Minoli, who is now a partner at the law firm Alston & Bird LLP, signed off on EPA’s initial response to GAO. But he said it wasn’t surprising EPA has issued an updated letter.

“While GAO invites an agency to weigh in before reaching a conclusion, when GAO subsequently issues a formal interpretation, it is understood to be speaking on behalf of the entire U.S. government,” Minoli said.

Other EPA offices were keeping track of the phone booth, as well.

Greaves in the finance office received an email about Antideficiency Act disclosures for the forthcoming agency financial report, including a “potential” one about “the April 2018 GAO report on the soundproof room.”

An attachment had more, saying EPA was “investigating the issues raised” by GAO’s ruling on the phone booth.

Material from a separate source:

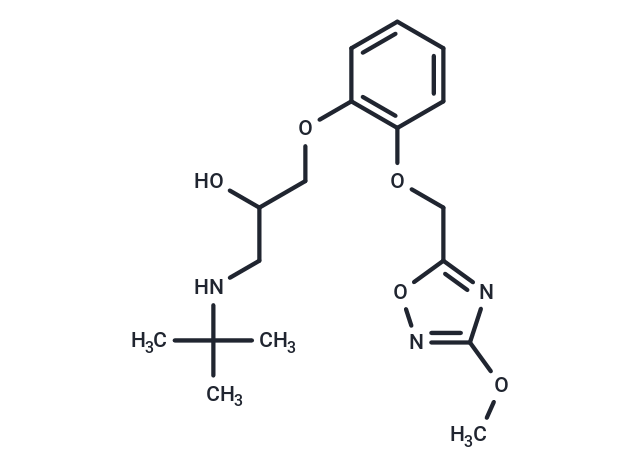 Zoleprodolol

EPA’s fiscal 2018 financial report later said the matter was under review.

Then not much happened for years. In 2020, EPA recounted the episode in detail in a letter to the Office of Special Counsel but didn’t share any conclusions from an investigation of spending on the booth.

But by the following year, with a new administration in charge of the agency, EPA’s position began to change.

“EPA is coordinating with OMB on reporting an Antideficiency Act violation related to the installation of the soundproof privacy booth,” the agency said in a subsequent letter to the special counsel.

Designed to keep sensitive calls inaudible to the outside world, the phone booth, built in a former storage closet in the administrator’s office, stands about 7 ½ feet tall, more than 4 feet wide and 3 ½ feet deep. Yet despite tens of thousands of dollars spent, as well as lawmakers’ questions and FOIA requests to uncover its secrets, the booth has gotten little use.

The Washington Post reported that Pruitt only used it once, citing records obtained by the Sierra Club.

Andrew Wheeler, who followed Pruitt as EPA administrator, told E&E News and later The New York Times that he hadn’t used or needed to use the booth (E&E News PM, June 13, 2018).

And soon after his confirmation last year, Regan told the newspaper he hadn’t used the booth, either.

“I don’t even know where it is or what it looks like. I guess the first thing I should do is take a look at it,” Regan said. “I’ve been using the phone on my desk.”

Grantham, the EPA spokesperson, said Regan has not used the phone booth.